Except for Abby. She received a more-dignified farewell with a full season of cancer, but Ray needed Abby more than she needed him and “Ray Donovan” needed her more than it realized. Without her, and the yearning for connection she represented, he’s just an alcoholic hitman from Boston. We may get back an approximation of the Ray we love — mean, well-dressed, slightly drunk, solving problems — but for now there’s nothing at stake and it’s difficult to see what could fill that gap, since he’s proven himself spectacularly bad in all relationships.

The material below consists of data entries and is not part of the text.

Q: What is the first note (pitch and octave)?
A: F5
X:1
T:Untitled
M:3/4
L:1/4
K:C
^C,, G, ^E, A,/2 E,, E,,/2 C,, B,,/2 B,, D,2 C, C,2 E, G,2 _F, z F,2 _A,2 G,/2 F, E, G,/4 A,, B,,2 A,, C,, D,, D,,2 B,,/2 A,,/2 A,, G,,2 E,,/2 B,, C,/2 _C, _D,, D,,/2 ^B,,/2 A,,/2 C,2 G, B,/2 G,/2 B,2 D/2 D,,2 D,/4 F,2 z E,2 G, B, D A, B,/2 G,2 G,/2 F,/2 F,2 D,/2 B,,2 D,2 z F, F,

While Ray Donovan is a complex character with his backstory of sexual abuse, a monstrous father, and enough family tragedy to make Shakespeare blush, over time “Ray Donovan” has proven that it’s not a particularly complex show — and that’s fine. It’s not “Breaking Bad,” or “The Wire;” it’s a premium soap opera that finds much of its charm in watching Schreiber beat the shit out of high-powered villains and bullies like the dark, blue-collar Superman that he is (albeit one with excellent taste in watches). Last season was a deeply flawed attempt to pretend it was something more profound, and now we have Ray lost in New York. Here’s hoping he finds his way, and that the producers figure out how to live and let Liev.

Grade: C

“Ray Donovan” premieres on Showtime October 28 at 9pm ET/PT.


Correction: Susan Sarandon portrays Samantha Winslow; an earlier version listed her as Samantha Matheson.